In Menschen

Siamkatze foreign white

Mutterstadt lacht sich schlapp

Eine Selbsterfahrung mit Lachyoga

Der erwachsene Mensch lacht zu wenig. In unserem Leben zwischen Mülltrennung, Stromrechnung, manchmal Existenzängsten, Verantwortung für Lebewesen, Versicherungen und Steuererklärung haben wir ja auch wirklich nicht viel zu lachen. Da wollte ich mal gegen angehen: Mit einem Lachyoga-Kurs an der VHS Mutterstadt.

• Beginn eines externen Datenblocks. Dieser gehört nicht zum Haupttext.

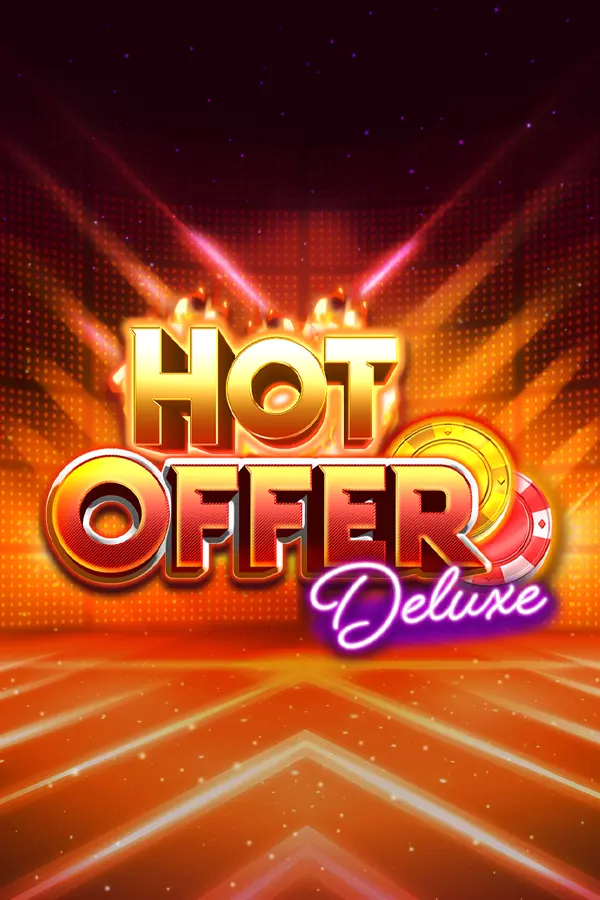 Hot Offer Deluxe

Denn der Volksmund hat recht: Lachen ist gesund. Es verpasst dem Körper eine Sauerstoffkur, Glückshormone inbegriffen. Wussten Sie, dass beim Lachen die Atmung vertieft ist und weit über 100 Muskeln beteiligt sind? Das ist Fitness pur! Zudem reduziert Lachen das Schmerzempfinden, kurbelt Heilungsprozesse an, und beim Lernen hilft es ebenfalls. Sogar eine ernste Wissenschaft gibt es hierzu – die Gelotologie. Was wie eine Mischung aus Schnupfenmittel und Erdkunde klingt, ist die Erforschung von den Auswirkungen des Lachens. Martina Müller, unsere Lachyogalehrerin, hat sich eingehend damit beschäftigt.

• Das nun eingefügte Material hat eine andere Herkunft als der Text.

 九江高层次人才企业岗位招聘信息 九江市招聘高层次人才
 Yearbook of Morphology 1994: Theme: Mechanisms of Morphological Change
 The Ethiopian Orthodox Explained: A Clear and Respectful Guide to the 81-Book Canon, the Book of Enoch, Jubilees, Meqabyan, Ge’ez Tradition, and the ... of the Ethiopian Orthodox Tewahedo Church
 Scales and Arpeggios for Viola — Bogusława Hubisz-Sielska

Gespannt lauschen wir Teilnehmer im Alter von 11 bis 70 Müllers Einführung. Und sollen dann auch gleich loslachen. So darf sich jeder mit Namen vorstellen, sich dabei totlachen, und seine Schuhgröße mit dem Alter vertauschen. Das ist noch ein bisschen gekünstelt am Anfang. Doch bei den pantomimischen Übungen, noch dazu in der lachbereiten Gruppe, wird schnell ein echtes Lachen daraus.

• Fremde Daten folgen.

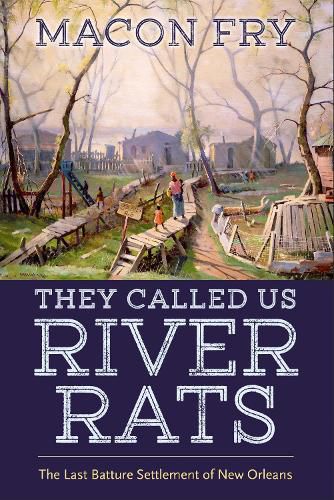 Cover image for They Called Us River Rats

Das limbische System erlaubt uns nämlich, loszuprusten, wenn wir etwas Lustiges sehen oder hören. Und wenn uns jemand anlacht, lachen wir automatisch zurück – den Spiegelneuronen sei Dank. Doch was ist, wenn der Neocortex, das Frontalhirn und unser Zensor, sich einschaltet und sagt: „Sei nicht so albern, darüber lacht man nicht“? Zum Glück lässt sich das Lachen genauso wie andere Körperfunktionen trainieren. Und dem Gehirn ist es egal, ob wir spontan lachen oder zunächst nur mal so tun. Es werden die gleichen Glückshormone ausgeschüttet. Cool, oder?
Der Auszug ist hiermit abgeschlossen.